Find two different integral expressions for P(x > y)

(1) $$\int_{0} ^{1/2}\int_{0} ^y 4(x+y^2),dx\,dy + \int_{1/2} ^{1}\int_{0} ^{1-y} 4(x+y^2),dx\,dy $$

(2) $$\int_{0} ^{1/2}\int_{x} ^{1-x} 4(x+y^2),dy\,dx $$
Are they right?
Looks like you switched the roles of x and y in both cases.

If x + y < 1 and x > y, then y can't be greater than 1/2, right? Yet in (1), you have an integral for 1/2 < y < 1.
 
Askhwhelp said:
Second , find P(Y > 1/2 | X < 1/2). the set up I have is = P(Y > 1/2, X < 1/2)/P(X<1/2)= $$\int_{1/2} ^{1}\int_{0} ^{1-y} 4(x+y^2),dx\,dy / \int_{0} ^{1/2}\int_{0} ^{1-x} 4(x+y^2),dy\,dx $$ is this set up right?
Looks good.

Third, find P(Y > 1/2 | X > 1/2) I found that the prob should be 0 because there no intersection for Y > 1/2 and X > 1/2 ? Right?
I assuming that was a typo. Yes, your reasoning is correct.
 
vela said:
Looks good.


I assuming that was a typo. Yes, your reasoning is correct.
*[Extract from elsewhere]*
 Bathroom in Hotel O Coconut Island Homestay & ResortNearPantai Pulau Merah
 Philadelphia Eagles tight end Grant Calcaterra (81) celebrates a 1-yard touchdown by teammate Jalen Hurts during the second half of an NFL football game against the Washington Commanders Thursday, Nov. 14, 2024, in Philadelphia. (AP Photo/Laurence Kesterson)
Thank you for pointing it out
 
vela said:
Looks like you switched the roles of x and y in both cases.

If x + y < 1 and x > y, then y can't be greater than 1/2, right? Yet in (1), you have an integral for 1/2 < y < 1.
My typo it should P(y> x). With this prob., my (1) and (2) should be right?